Even after six months of horrifying news from Myanmar, it is an incident that’s shocked the country – five people who chose to jump from a building they were hiding in, some to their deaths, rather than face arrest.
By Jonathan Head
South East Asia correspondent
The police have condemned the group as terrorists, but the husband of one victim tells the BBC she was a compassionate wife and mother who felt she was working to alleviate the people’s suffering.
This is the tale of her untimely death.
It was on Tuesday afternoon that eight young activists found themselves trapped by a police raid.
The military had seized power months earlier in February, throwing the country into turmoil as millions protested against the coup.
At least 900 people have been killed by the military’s violent response, and thousands more arrested.
She was one of the five who jumped off a commercial building in downtown Yangon as the police charged in, falling onto a concrete pavement. She and at least one other person died at the scene.
The other three have been taken to a military-run hospital.
In the first photograph of Wai Wai Myint that began circulating on social media after news of her death, she stands ramrod straight, looking defiantly at the camera. Her fingers are raised in the three-finger Hunger Games salute that has become the trademark gesture used by young dissidents in South East Asia.

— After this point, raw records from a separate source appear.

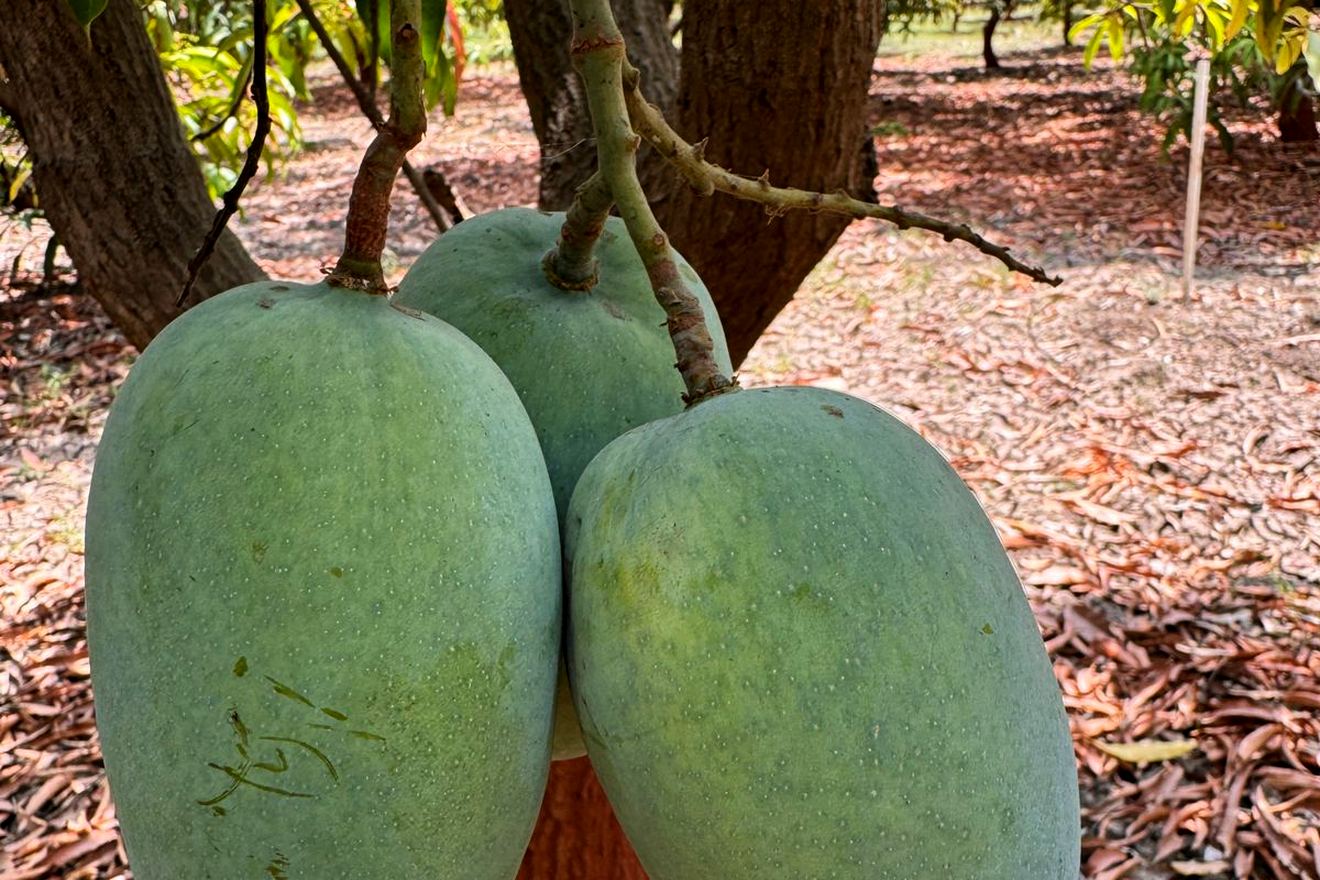 Three full-grown Kesar mangoes hanging together from one branch above the orchard floor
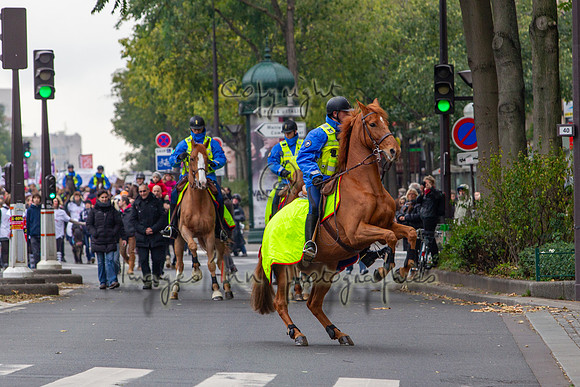20131124_EKL_0044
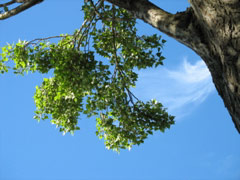 Tree and clouds at Roanoke and Fairview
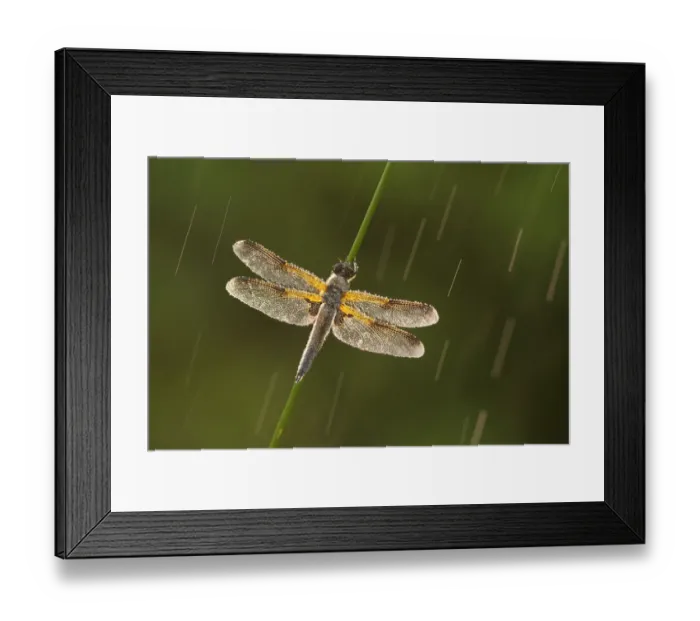 Framed Print : Four-spotted chaser dragonfly (Libellula quadrimaculata) in rain, Westhay SWT reserve Framed Print : Four-spotted chaser dragonfly (Libellula quadrimaculata) in rain, Westhay SWT reserve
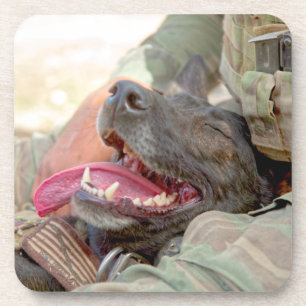DESSOUS-DE-VERRE CHIEN DE TRAVAIL MILITAIRE AMÉRICAIN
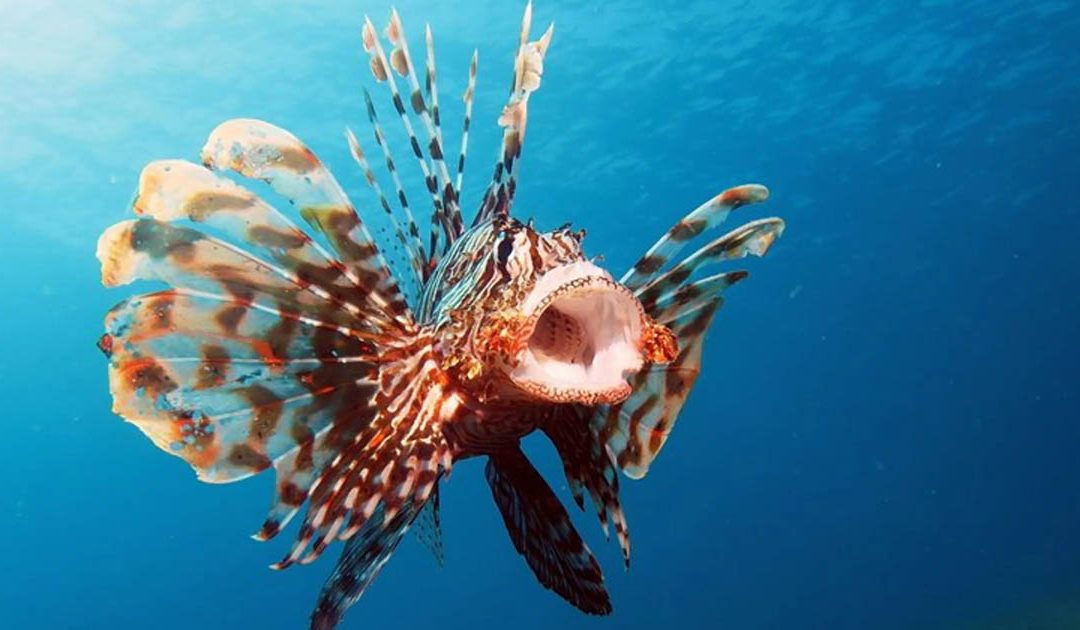 «Pesce scorpione in Calabria? La cautela va bene ma evitiamo allarmismi»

The military authorities have described the group she was with as terrorists who were planning to plant bombs.
They have published confessions by two of the activists who did not jump and were arrested there, and photographs of what they say were ingredients for explosives.
He had to say goodbye to Apple, as he calls her, at a military-organised mass cremation for her and four other people, including the young man who died with her when they jumped.
No photographs were allowed, and the families were not permitted to take away the ashes.
The military junta in Myanmar has been trying to restrict the funerals of those killed in the uprising against the coup, as they often turn into anti-military demonstrations – sometimes cremating bodies in secret rather than returning them to their relatives.
Soe Myat Thu held up a flower for her, and took that back home in place of her remains.
They were a comfortably middle-class couple, both ethnic Chinese, with a six year-old daughter. Soe Myat Thu is a dentist, and Wai Wai Myint was a gems and jewellery trader.
Photographs of her show a well made-up young woman posing in stylish clothes.
She liked going out clubbing with girlfriends, he says, but had a strong social conscience, regularly donating money to poorer neighbours or to animal welfare groups.
He said the couple had not been interested in politics at all, with Wai Wai Myint even saying that they should stay away because it could be dangerous.
When the coup happened, she did not react much at first.
But she was kind-hearted, he says, and became upset when the first protester to die, a young woman called Mya Thwe Thwe Khaing, was fatally shot in the capital Nyapyitaw a week after the coup. Her death was widely mourned and triggered further anger against authorities.
Wai Wai Myint donated money to Mya Thwe Thwe Khaing’s family, and began posting on her Facebook page about other victims of the increasingly violent military response to the civil disobedience movement.
He said the couple both knew they could not change things themselves, but when she saw people being shot by the military she became more outspoken in her comments. He describes her as a bold character who was more ready to take risks than he was.
Soe Myat Thu says she was arrested once during a protest, and he had to negotiate to get her out of custody.
She was very angry about that, he remembers, because of the way she had been kicked and beaten.
He had then warned her not to go to any more protests, reminding her that she had a daughter to care for.
After that, he believed that his wife was no longer involved with the opposition. It has evolved from a non-violent protest movement in the weeks after the coup to an underground resistance which today uses handmade guns and bombs, and is believed to be behind the assassination of officials who co-operate with the military.
He says he knew the other activists who were caught with Wai Wai Myint, in the building where they were staying on 44th Street in downtown Yangon, not far from their home.
They were all members of the Pzundaung Botahtaung Young Strike Committee, one of many groups formed in Yangon in the first days after the coup to resist it.
She used to hang out with them, he says, and sometimes brought them to their house to eat and use their internet.
“I admired and felt sorry for them as they were prepared to go out and face danger when I would not,” he said.
But he had no idea she was going to join them in their hideout on Tuesday; she had only told him that she was going out for a little while, and left the house without changing her clothes and putting on make-up, as she usually did.
It is not clear what Wai Wai Myint’s role was in the group, or whether she was even a member. It was possible that she was only paying the rent and offering other kinds of material support.
Activists opposing the coup in Myanmar have to keep moving from place to place to avoid arrest.
Soe Myint Thu believes it was what she felt about the suffering of the people, and her determination not to accept the military junta, that eventually drove her to her fate.